Le SC Fribourg de Johan Manzambi a un pied en demi-finale de l'Europa League après sa victoire 3-0 contre Celta Vigo jeudi soir. Cela s'annonce plus compliqué pour Remo Freuler et Bologne.

Le club de la Forêt-Noire a fait la différence en première mi-temps, sous l'impulsion du milieu de terrain genevois. A la 10e, c'est en effet Manzambi qui a décalé Vincenzo Grifo, dont le coup de patte n'a laissé aucune chance au portier de Vigo Andrei Radu.

Fribourg a doublé la mise à la 32e par Jan-Niklas Beste, avant que Manzambi ne passe proche du 3-0. L'international suisse a vu son tir être renvoyé par le poteau après un joli une-deux dans la surface espagnole (34e).

Les Allemands ont finalement ajouté un troisième but à la 78e signé Matthias Ginter. Ils aborderont le match retour en Galice avec un pied et quelques orteils en demi-finale, où ils pourraient retrouver le Betis de Ricardo Rodriguez ou Braga (1-1 à l'aller).

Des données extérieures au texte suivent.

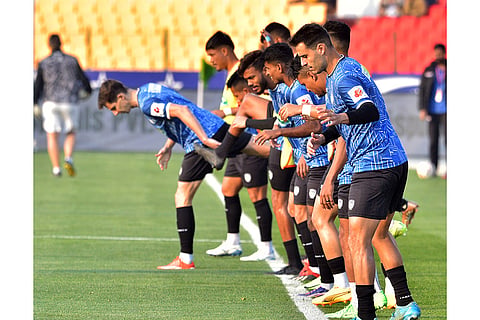 ISL 2024-25: NorthEast United players warm up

Bologne battu par Aston Villa

La qualification pour le dernier carré risque en revanche d'être compliquée pour Bologne et Remo Freuler. Les Rossoblù se sont inclinés 3-1 devant Aston Villa, à domicile. Ezri Konsa (44e) et Ollie Watkins (51e/90e+4) ont marqué les deux buts des Villans, alors que Jonathan Rowe a réduit la marque pour Bologne (90e).

Nottingham Forest et Dan Ndoye auront quant à eux leur mot à dire au retour contre Porto. Malgré la nette domination des Dragons, le club anglais a obtenu un match nul (1-1) qui lui permet de conserver toutes ses chances de se qualifier pour les demi-finales.

En Conference League, le Mayence d'Urs Fischer et de Silvan Widmer est également bien parti pour poursuivre sa belle aventure européenne. Le club allemand s'est imposé 2-0 à domicile contre Strasbourg en quart de finale aller.